Updated: Jan 16, 2023

#1 This for you by Neil Gaiman

A reading written for two of his friends on their wedding day —

This for you, for both of you,

a small poem of happiness filled with small glories and little triumphs a fragile, short cheerful song filled with hope and all sorts of futures

Because at weddings we imagine the future Because it’s all about “what happened next?” all the work and negotiation and building and talk that makes even the tiniest happily ever after something to be proud of for a wee forever

This is a small thought for both of you like a feather or a prayer, a wish of trust and love and hope and fine brave hearts and true.

Like a tower, or a house made all of bones and dreams

and tomorrows and tomorrows and tomorrows



#2 The Amber Spyglass by Phillip Pullman

“I will love you forever; whatever happens. Till I die and after I die, and when I find my way out of the land of the dead, I’ll drift about forever, all my atoms, till I find you again… I’ll be looking for you, every moment, every single moment. And when we do find each other again, we’ll cling together so tight that nothing and no one’ll ever tear us apart. Every atom of me and every atom of you… We’ll live in birds and flowers and dragonflies and pine trees and in clouds and in those little specks of light you see floating in sunbeams… And when they use our atoms to make new lives, they won’t just be able to take one, they’ll have to take two, one of you and one of me.”



#3 LGBTQ - Supreme Court Case on Same-Sex Marriage: Obergefell v. Hodges

“From their beginning to their most recent page, the annals of human history reveal the transcendent importance of marriage. Marriage is sacred to those who live by their religions and offers unique fulfillment to those who find meaning in the secular realm. Its dynamic allows two people to find a life that could not be found alone, for a marriage becomes greater than just the two persons.

Rising from the most basic human needs, marriage is essential to our most profound hopes and aspirations. The centrality of marriage to the human condition makes it unsurprising that the institution has existed for millennia and across civilizations. Since the dawn of history, marriage has transformed strangers into relatives, binding families and societies together.

No union is more profound than marriage, for it embodies the highest ideals of love, fidelity, devotion, sacrifice, and family. In forming a marital union, two people become something greater than once they were.” – Justice Anthony Kennedy


#4 Star Wars: Knights of the Old Republic

Definition: ‘Love’ is making a shot to the knees of a target 120 kilometres away using an Aratech sniper rifle with a tri-light scope. Statement: This definition, I am told, is subject to interpretation. Obviously, ‘love’ is a matter of odds. Not many meatbags could make such a shot, and strangely enough, not many meatbags would derive love from it. Yet for me, love is knowing your target, putting them in your targeting reticle, and together, achieving a singular purpose, against statistically long odds.

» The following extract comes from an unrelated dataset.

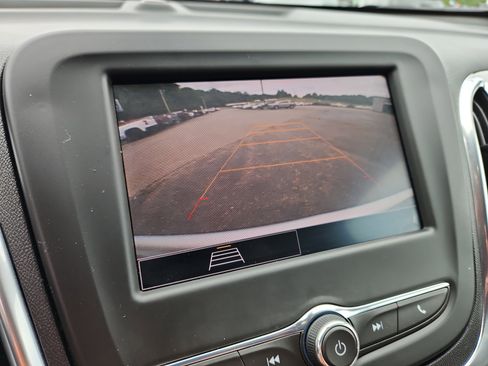 Used 2022 Chevrolet Equinox LS w/ LS Convenience Package image 31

#5 If I Didn’t Have You by Tim Minchin

I’m not undervaluing what we’ve got when I say that given the role chaos inevitably plays in the inherently flawed notion of “fate” it’s obtuse to deduce that I’ve found my soulmate at the age of seventeen. It’s just mathematically unlikely that at a university in Perth I happened to stumble on the one girl on Earth specifically designed for me.

And if I may conjecture a further objection, love is nothing to do with destined perfection. The connection is strengthened, the affection simply grows over time, like a flower or a mushroom or a guinea pig or a vine or a sponge or bigotry… or a banana.

And love is made more powerful by the ongoing drama of shared experience and the synergy of a kind of symbiotic empathy or… something



#6 Star Trek: Voyager

“Commander, I don’t think you can analyze love. It’s the greatest mystery of all. No one knows why it happens, or doesn’t. Love is a chance combination of elements. Any one thing might be enough to keep it from igniting – a mood, a glance… a remark. And if we could define love, predict it – it would probably lose its power.” – Neelix (Unforgettable, 1998)



#7 Stardust

“You know when I said I knew little about love? That wasn’t true. I know a lot about love. I’ve seen it, centuries and centuries of it, and it was the only thing that made watching your world bearable. All those wars — pain, lies, hate… It made me want to turn away and never look down again. But when I see the way that mankind loves… you could search to the furthest reaches of the universe and never find anything more beautiful. So yes, I know that love is unconditional. But I also know that it can be unpredictable, unexpected, uncontrollable, unbearable, and strangely easy to mistake for loathing, and… what I’m trying to say, Tristan is… I think I love you. Is this love, Tristan? I never imagined I’d know it for myself. My heart… it feels like my chest can barely contain it. Like it’s trying to escape because it doesn’t belong to me any more. It belongs to you. And if you wanted it, I’d wish for nothing in exchange: no gifts, no goods, no demonstrations of devotion. Nothing but knowing you loved me too. Just your heart, in exchange for mine.” —Yvaine



#8 Wedding Readings from Doctor Who

“You know when sometimes, you meet someone so beautiful – and then you actually talk to them, and five minutes later they’re as dull as a brick; but then there’s other people. And you meet them and you think, ‘Not bad, they’re okay,’ and then when you get to know them… Their face just sort of becomes them, like their personality’s written all over it, and they just – they turn into something so beautiful. Rory’s the most beautiful man I’ve ever met.” – Amy Pond (The Girl Who Waited)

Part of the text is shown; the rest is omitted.